Die neue Schutzklausel eröffnet Chancen für einen Gegenvorschlag zur gefürchteten SVP-Initiative.
Die aussenpolitischen Verhandlungen sind vorbei, die innenpolitischen können nun endlich konkret geführt werden. Am Freitag hat der Bundesrat bekanntgegeben, wie die Verhandlungen über das künftige bilaterale Verhältnis mit der EU ausgegangen sind. Damit steht das Spielfeld fest, auf dem die interne Debatte zu den zwei entscheidenden Themen stattfinden wird: Zuwanderung und Lohnschutz.
Bei der Zuwanderung hat die Schweiz die EU dazu gebracht, im Abkommen über die Personenfreizügigkeit eine neue Schutzklausel einzufügen. Das Ziel ist klar: Als Ultima Ratio will die Schweiz die Möglichkeit haben, die Zuwanderung aus der EU vorübergehend einzuschränken, wenn sie problematische Dimensionen annimmt. Auffällig sind jedoch die rhetorischen Differenzen: In Brüssel heisst es, die Schutzklausel sei «nicht unilateral», in Bern hingegen freut sich der Bundesrat, die Schweiz könne die Klausel «eigenständig aktivieren».

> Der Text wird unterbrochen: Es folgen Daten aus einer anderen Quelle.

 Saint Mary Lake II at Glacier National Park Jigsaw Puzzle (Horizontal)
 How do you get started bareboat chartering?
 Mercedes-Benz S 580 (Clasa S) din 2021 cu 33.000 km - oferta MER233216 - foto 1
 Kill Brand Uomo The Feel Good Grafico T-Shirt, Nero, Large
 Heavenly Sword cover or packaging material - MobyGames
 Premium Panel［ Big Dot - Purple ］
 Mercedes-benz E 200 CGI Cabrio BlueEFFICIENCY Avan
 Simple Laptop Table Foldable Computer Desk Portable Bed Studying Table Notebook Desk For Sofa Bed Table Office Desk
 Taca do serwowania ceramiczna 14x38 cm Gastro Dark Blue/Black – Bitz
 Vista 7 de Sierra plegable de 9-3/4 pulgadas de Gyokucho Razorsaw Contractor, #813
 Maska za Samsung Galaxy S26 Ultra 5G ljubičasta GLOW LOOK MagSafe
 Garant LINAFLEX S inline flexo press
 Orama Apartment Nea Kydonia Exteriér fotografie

Der Widerspruch lässt sich auflösen. Die neue Klausel bildet ein bilaterales Regelwerk, das eine juristische Streitbeilegung mit einem paritätischen Schiedsgericht umfasst. Innerhalb dieses Rahmens kann die Schweiz autonom handeln. Sie kann entscheiden, wann sie vor das Schiedsgericht geht, falls auf politischer Ebene mit der EU keine Einigung gelingt. Sie beschliesst auch eigenständig, welche konkreten Massnahmen sie ergreift – sei es nun ein scharfer Inländervorrang, eine Zuwanderungsabgabe oder eine andere Beschränkung.

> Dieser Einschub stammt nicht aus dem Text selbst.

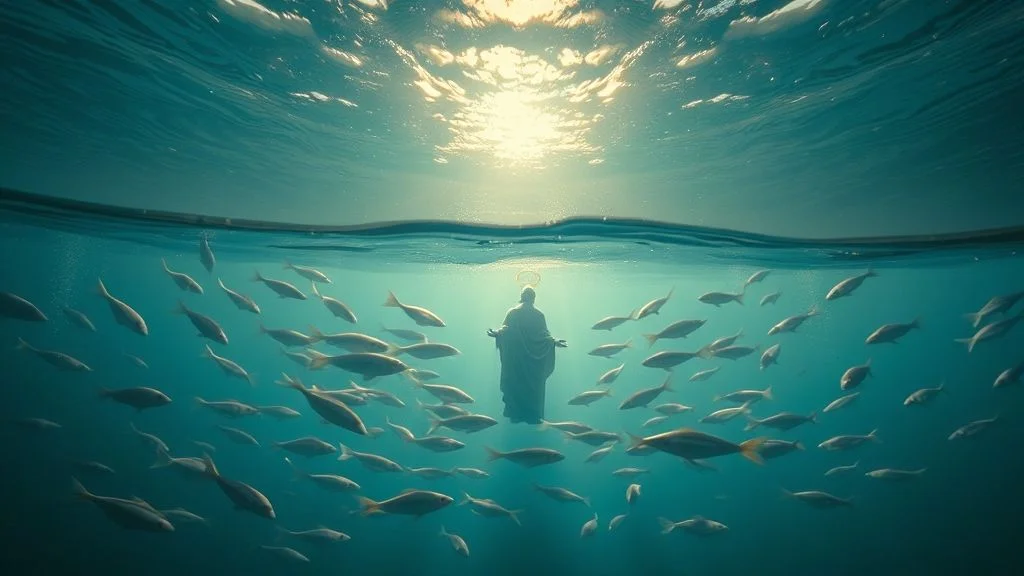 Significado de sonhar com peixe na bíblia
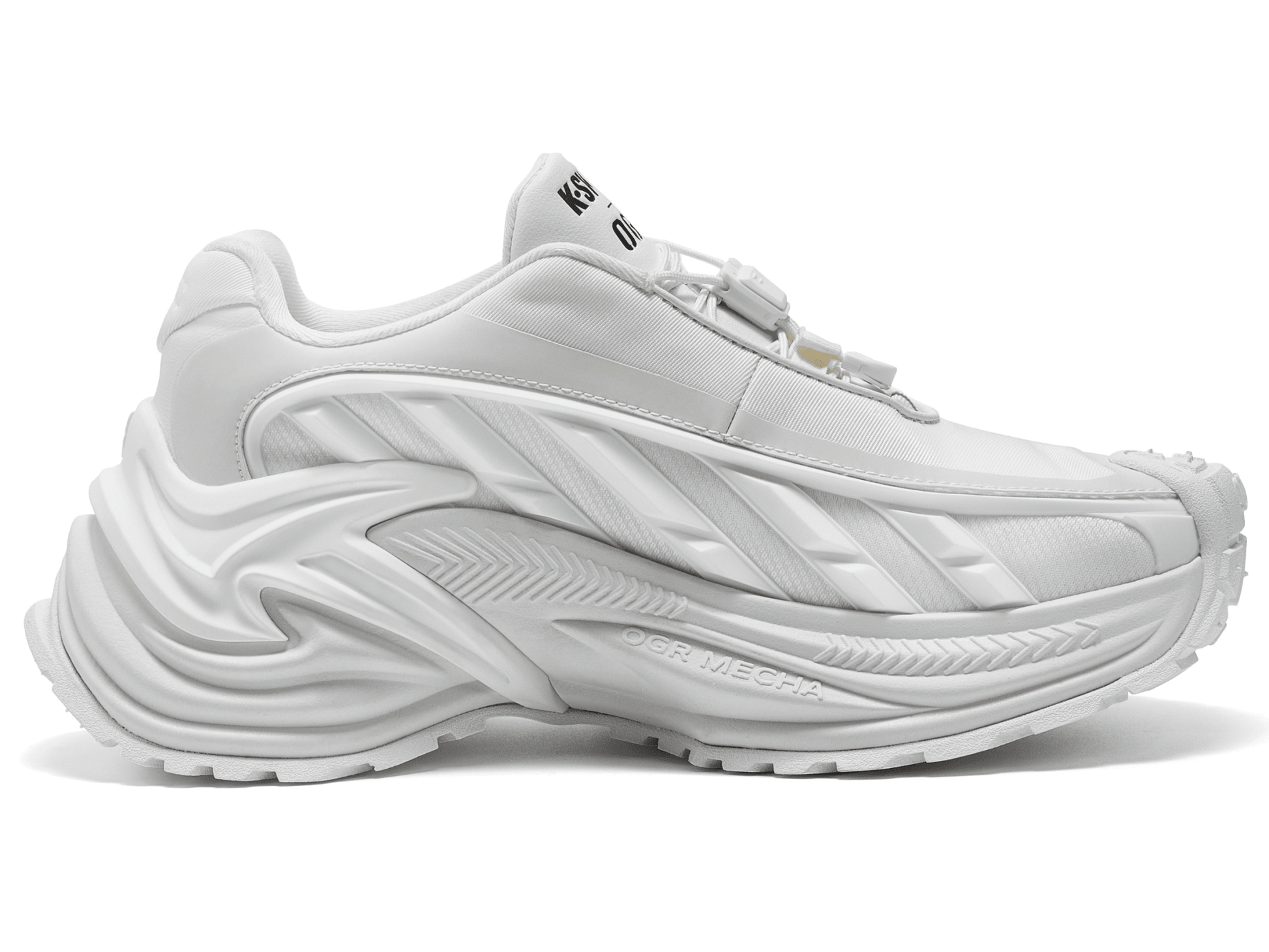 99392-100-M | RATTLESNAKE KS X OGR | WHITE - K-Swiss US - FOOTWEAR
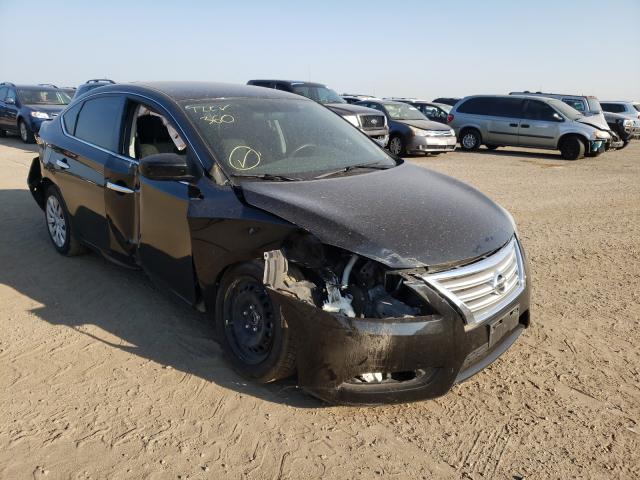 NISSAN SENTRA S 2014 3n1ab7ap8el638884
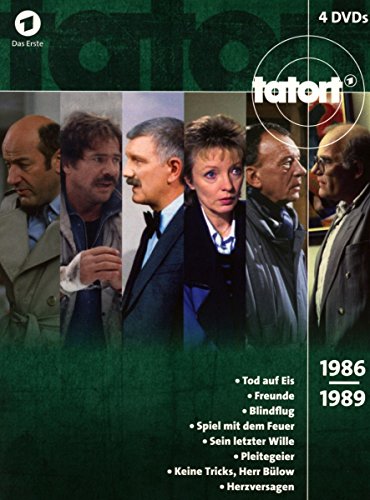 Tatort Klassiker - 80er Box 3 (1986-1989) [4 DVDs] von EDEL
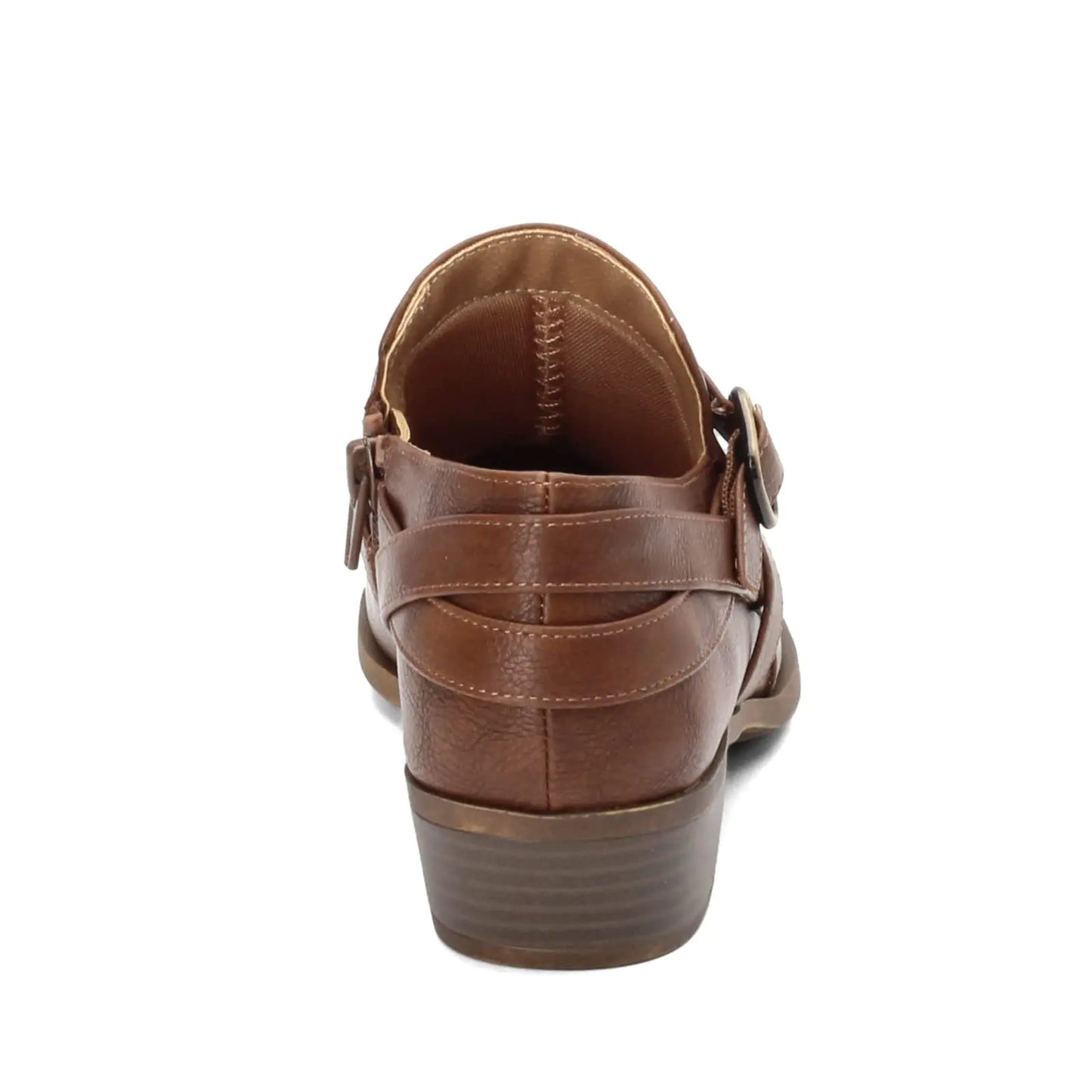 Lifestride Womens Adley 6.5 Wide Brown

Nervosität wegen SVP-Initiative
Die Schweiz kann sogar beschliessen, diese Massnahmen einzuführen, wenn sie vor dem Schiedsgericht unterliegt. Dann wäre die EU jedoch berechtigt, auch ausserhalb der Personenfreizügigkeit Massnahmen gegen die Schweiz zu ergreifen, etwa Nachteile für Exportfirmen. Je weiter die Schweiz geht, umso härter kann die EU zurückschlagen. Das ändert aber nichts daran, dass die Klausel den Spielraum erweitert: Neu wäre die Möglichkeit, dass die Schweiz den freien Personenverkehr gegen den Willen der EU temporär einschränkt, explizit vorgesehen und geregelt. Wenn heute keine politische Einigung gelingt, bleibt nur die ungeregelte Eskalation.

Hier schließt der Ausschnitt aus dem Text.